(Reuters) – Voters in trend-setting California backed a ballot proposal by Uber and its allies that cements app-based food delivery and ride-hail drivers’ status as independent contractors, not employees, according to a projection by data provider Edison Research.
Victory in the most expensive ballot contest in state history is a rebuke to state legislators and allows Uber, Lyft and allies to set the employment terms of the gig economy that they helped create. Some had threatened to leave California, their home market, if they lost.
The measure, known as Proposition 22, marked the culmination of years of legal and legislative wrangling over a business model that introduced millions of people to the convenience of ordering food or a ride with the push of a button.
Companies described the contest as a matter of ensuring flexibility for a new generation of workers who want to choose when and how they work. Opponents saw it as an effort to exploit workers and avoid employee-related costs that could amount to more than $392 million each for Uber Technologies Inc <UBER.N> and Lyft Inc <LYFT.O>, a Reuters calculation showed.
Uber, Lyft, DoorDash, Instacart and Postmates, some of whom threatened to shut down in California if they lost, poured more than $205 million into the campaign.
After Edison made the projection, state figures showed the measure ahead 58% to 42% with nearly 95% of precincts at least partially reporting. The results are incomplete and must also be certified.
“I’m so, so happy. I know it’s right for the drivers, and I know it’s right for the people who use the services,” said retiree Jan Krueger, 62, who drives part-time for Lyft in Sacramento and got a “Mom Lyft” tattoo on her shoulder.
The proposition was the app makers’ response to a new California law that requires companies that control how workers do their jobs to classify those workers as employees.
The app companies argued that California’s law did not apply to them because they are technology platforms, not hiring entities, and that their drivers control how they work.
Companies warned they could cut 80% of drivers, double prices and even leave California, if they were forced to pay benefits including minimum wage, unemployment insurance, health care and workers’ compensation.
Graphic: https://tmsnrt.rs/33x9c77
Graphic: Uber’s California price hikes if drivers are employees – https://graphics.reuters.com/UBER-CALIFORNIA/qzjpqnlxzvx/chart.png
Uber, Lyft, DoorDash, Instacart and Postmates challenged the new law in court, but judges so far have ruled against them. Uber and Lyft recently lost an appeal, which would have narrowed their options if Prop 22 failed.

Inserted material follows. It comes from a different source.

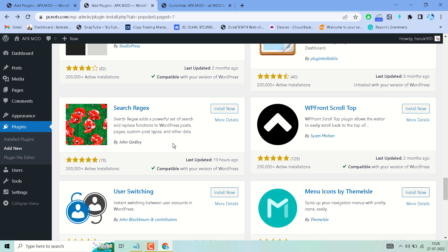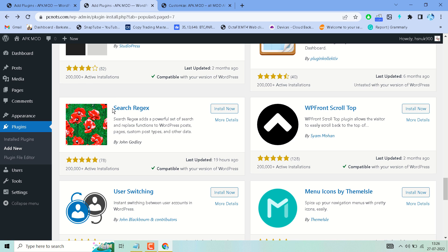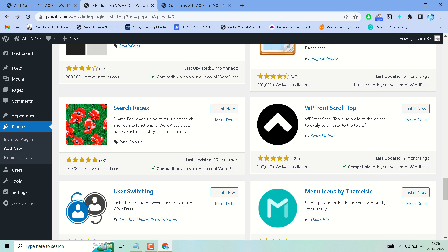Hello friends, in this video I will show how to add an advanced search box on your WordPress website. This one, Search Regex, adds a powerful set of search and replace functions to WordPress posts, pages, custom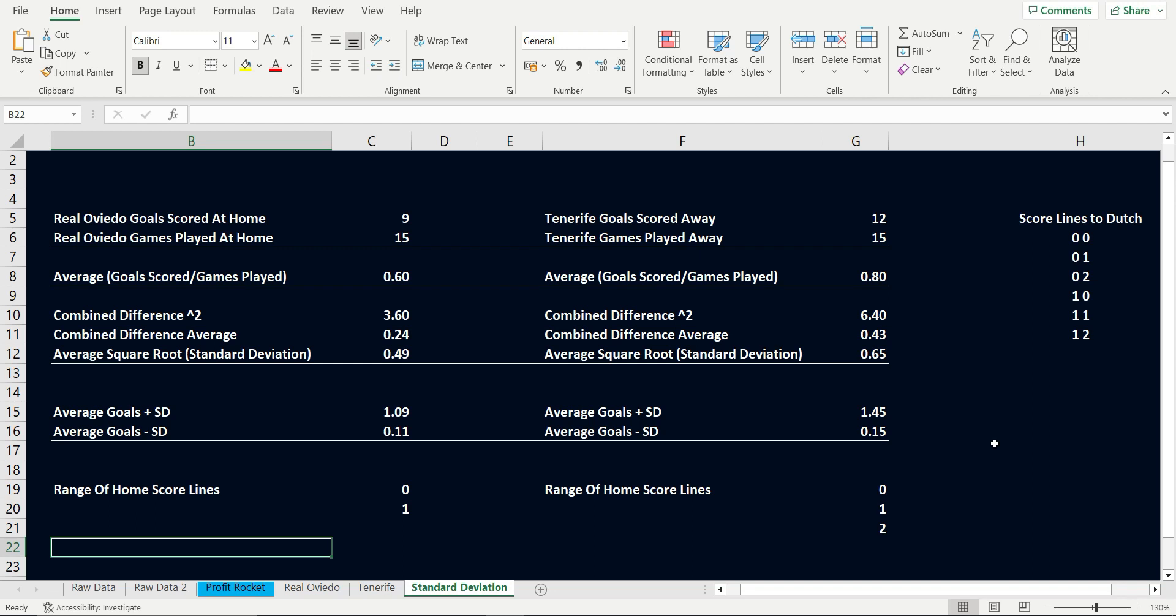As average goals 0.6 plus a deviation of 0.49 equals 1.09. The lowest amount of goals to be scored are 0.6 the average minus 0.49 the deviation equals 0.11. This standard deviation tells us the most likely scores for the home team are 0 or 1.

California represents 9%, roughly $1.63 billion, of Uber’s 2019 global rides and food delivery gross bookings, and some 16% of Lyft’s total rides.

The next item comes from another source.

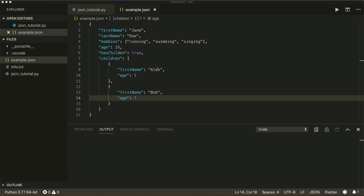Hi everybody, welcome to a new Python tutorial. Today we're going to talk about JSON data in Python. JSON is short for JavaScript Object Notation, and it's a lightweight data format used for data exchange. It's heavily used in web applications, so you should be comfortable working with it.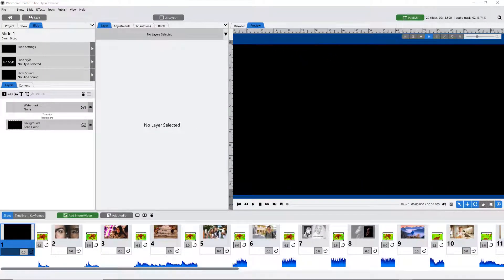Super fast Q&A today about the color of the user interface. I'm getting a lot of questions specifically about Creator, because it has a light user interface. Producer had a dark user interface. Both Creator and Director come with both light and dark color schemes.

Prop 22 leaves gig workers as contractors and provides them more modest benefits than are required under state law, including minimum pay while riders are in their cars, healthcare subsidies and accident insurance.
Not all drivers favor the contractor model. Los Angeles Uber driver Christine Tringali said the companies’ actions were shameful.
“How can someone fight so hard to avoid paying people a living wage and giving them job security?” Tringali said ahead of the vote.
The California battle was just one of many around the world.
U.S. states such as Massachusetts and New York are challenging gig companies’ labor policies. The European Union’s highest court in 2017 held that Uber is a transport service to be regulated like taxi companies, not a technology platform that connects riders with drivers – opening the door for challenges there.